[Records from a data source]
★ ★ ★ ★

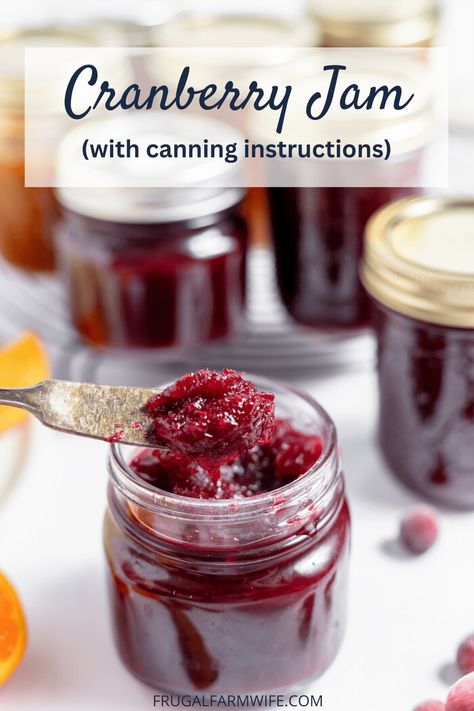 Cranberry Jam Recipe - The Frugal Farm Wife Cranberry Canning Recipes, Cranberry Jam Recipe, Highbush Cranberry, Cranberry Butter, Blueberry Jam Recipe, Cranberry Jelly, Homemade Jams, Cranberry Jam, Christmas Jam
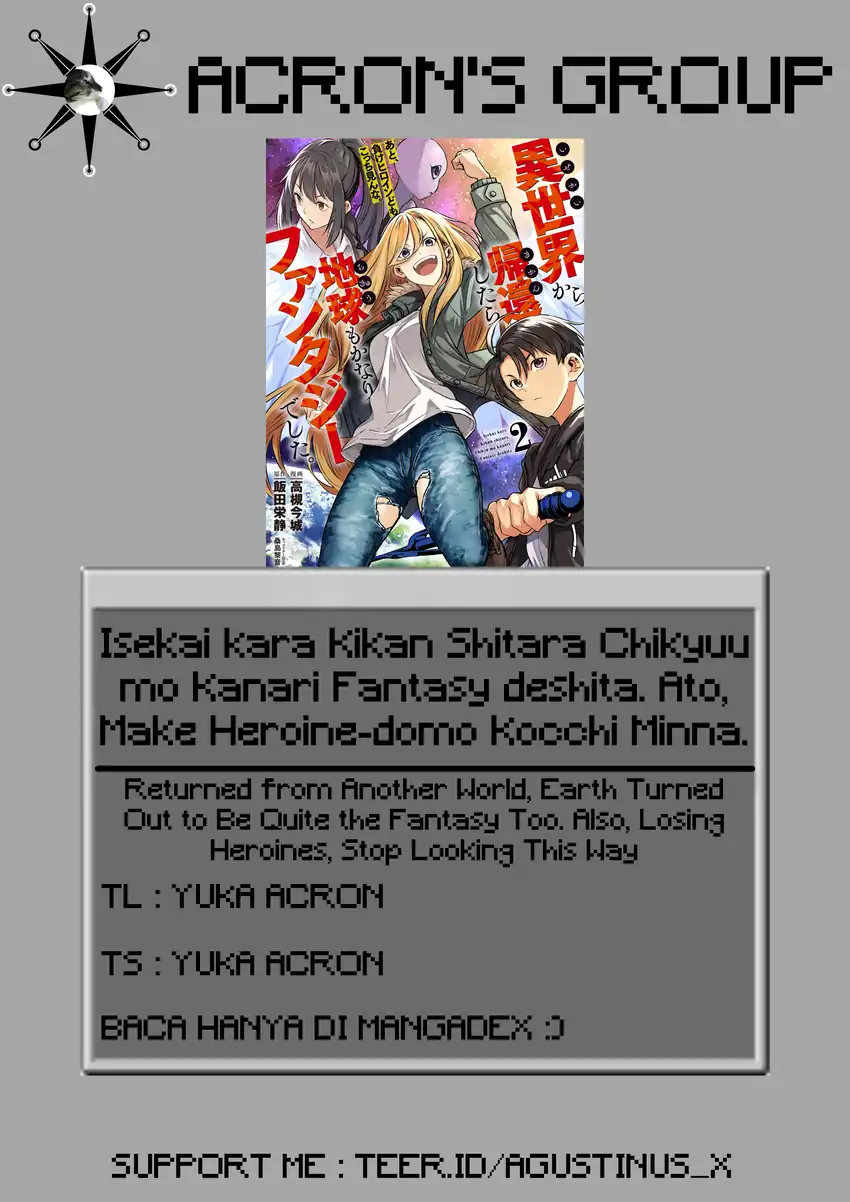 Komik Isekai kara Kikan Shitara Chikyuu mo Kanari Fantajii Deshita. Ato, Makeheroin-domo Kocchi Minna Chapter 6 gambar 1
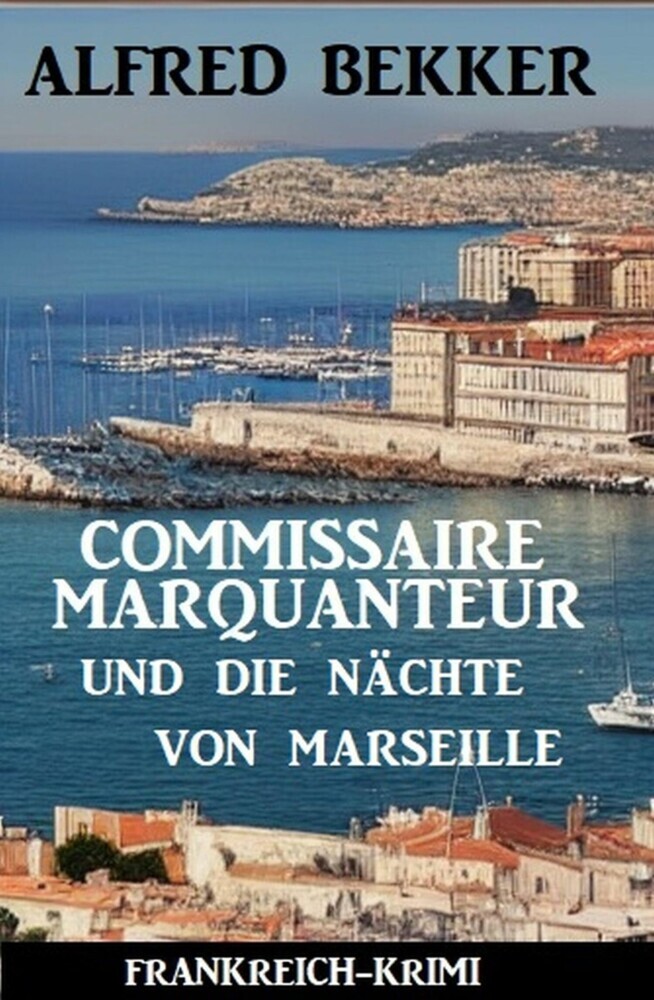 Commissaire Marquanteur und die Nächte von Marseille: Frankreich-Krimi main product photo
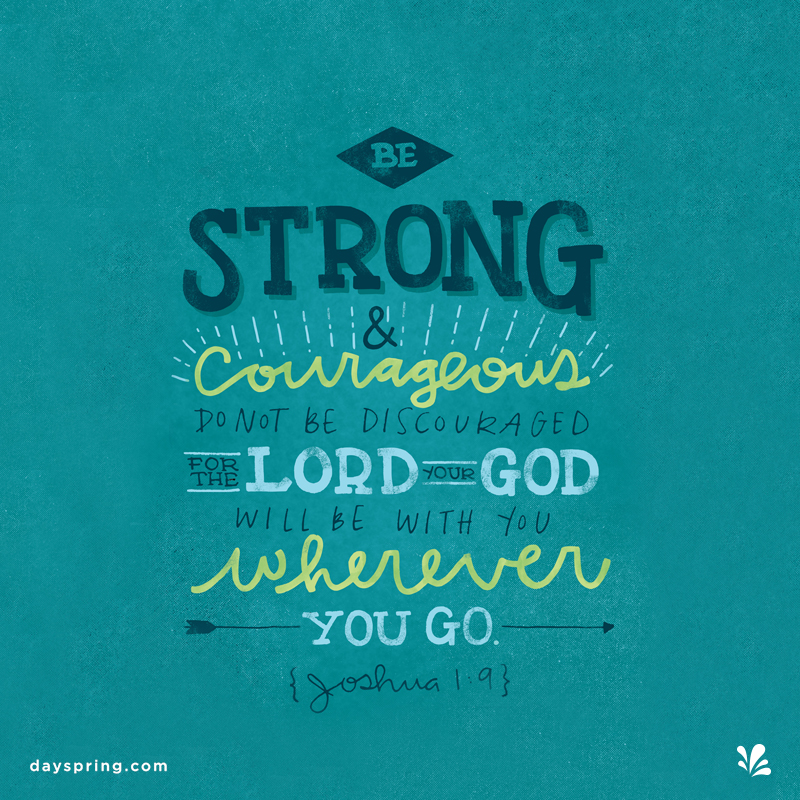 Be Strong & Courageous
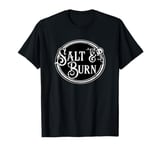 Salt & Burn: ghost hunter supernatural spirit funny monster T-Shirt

★ ★ ★ ★

Restate the data above word for word. Skip every picture.

** Result below **
 Cranberry Jam Recipe - The Frugal Farm Wife Cranberry Canning Recipes, Cranberry Jam Recipe, Highbush Cranberry, Cranberry Butter, Blueberry Jam Recipe, Cranberry Jelly, Homemade Jams, Cranberry Jam, Christmas Jam
 Komik Isekai kara Kikan Shitara Chikyuu mo Kanari Fantajii Deshita. Ato, Makeheroin-domo Kocchi Minna Chapter 6 gambar 1
 Commissaire Marquanteur und die Nächte von Marseille: Frankreich-Krimi main product photo
 Be Strong & Courageous
 Salt & Burn: ghost hunter supernatural spirit funny monster T-Shirt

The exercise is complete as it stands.